### PROBLEM DESCRIPTION
Omit all pictures. Copy exactly the lines from the line containing "猫と、ワタシ(委員長)と、雨模様" to the end of the listing, with both ends included.

*** DATASET RECORDS ***

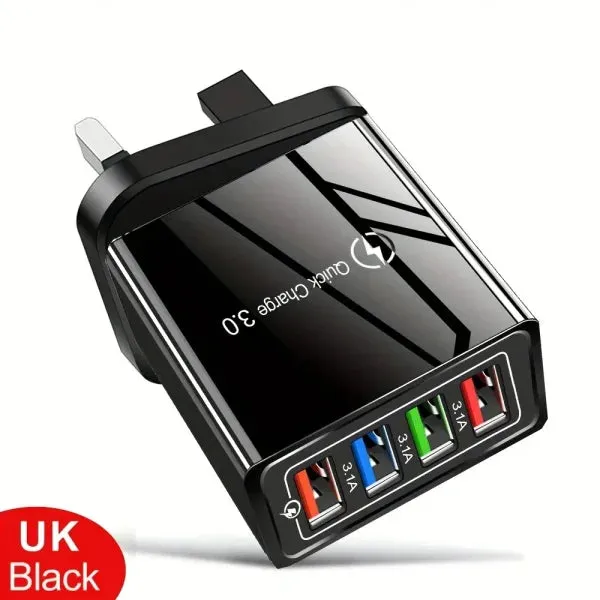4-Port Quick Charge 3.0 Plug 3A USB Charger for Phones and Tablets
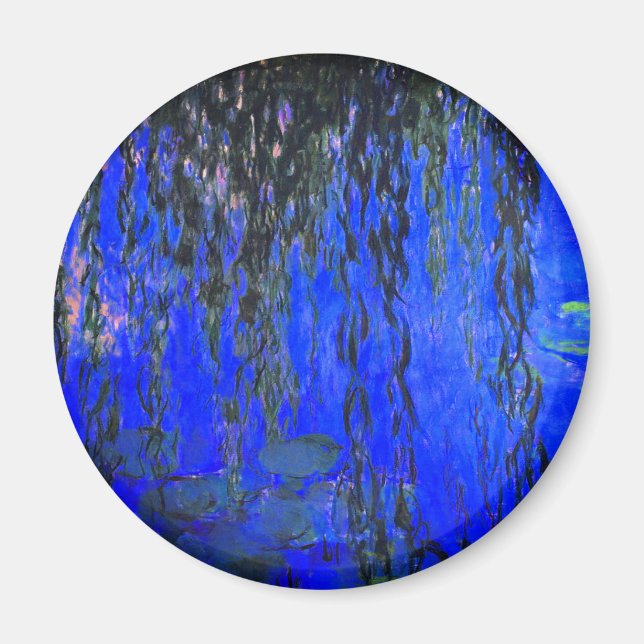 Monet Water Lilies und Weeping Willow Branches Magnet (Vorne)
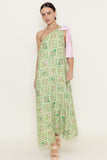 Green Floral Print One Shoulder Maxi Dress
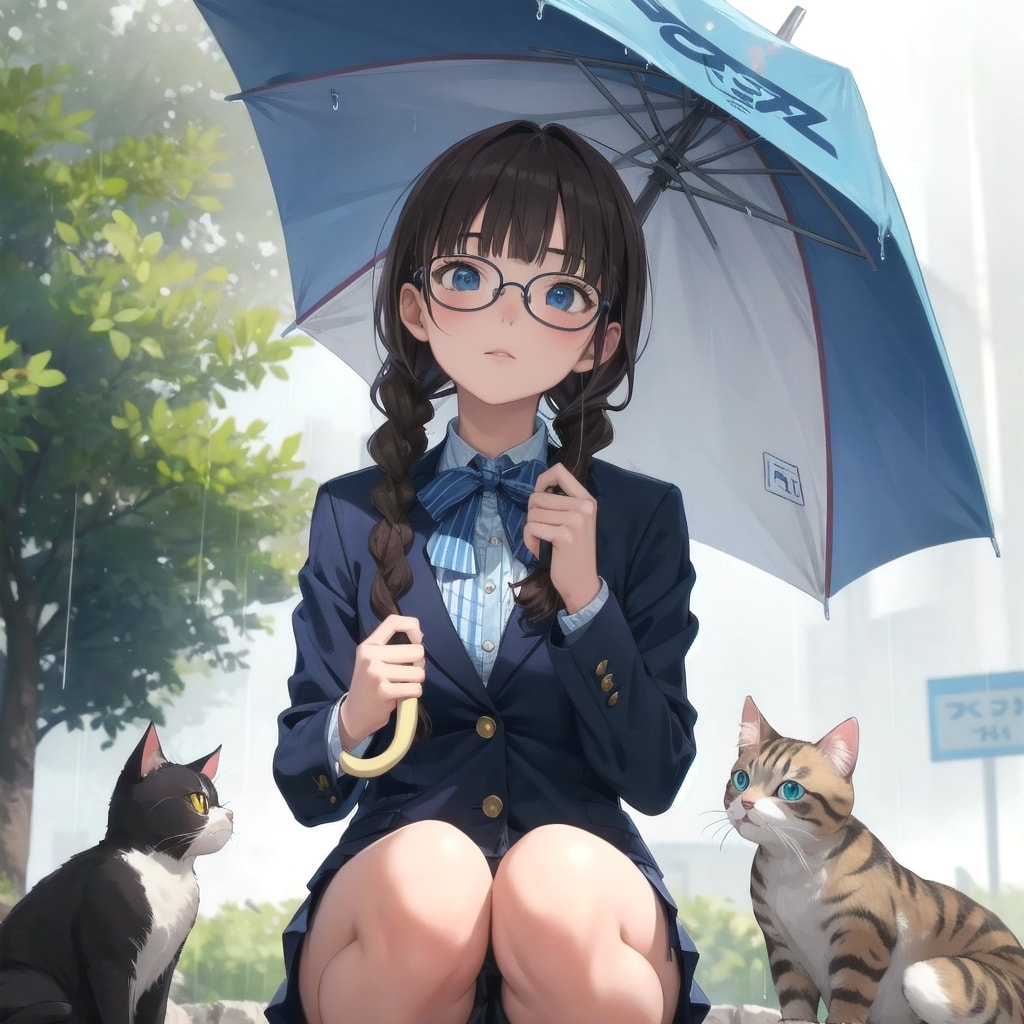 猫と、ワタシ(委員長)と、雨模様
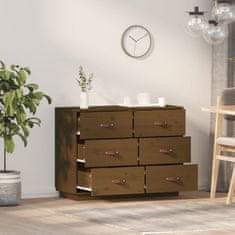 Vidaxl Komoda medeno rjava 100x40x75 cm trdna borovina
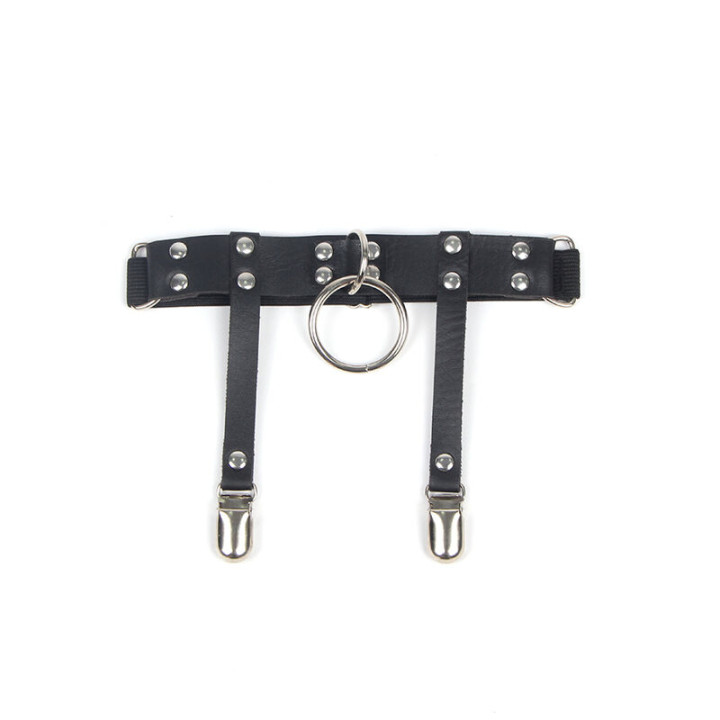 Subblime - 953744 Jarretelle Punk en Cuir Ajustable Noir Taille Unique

*** End of DATASET RECORDS ***

### EXERCISE RESPONSE
 猫と、ワタシ(委員長)と、雨模様
 Vidaxl Komoda medeno rjava 100x40x75 cm trdna borovina
 Subblime - 953744 Jarretelle Punk en Cuir Ajustable Noir Taille Unique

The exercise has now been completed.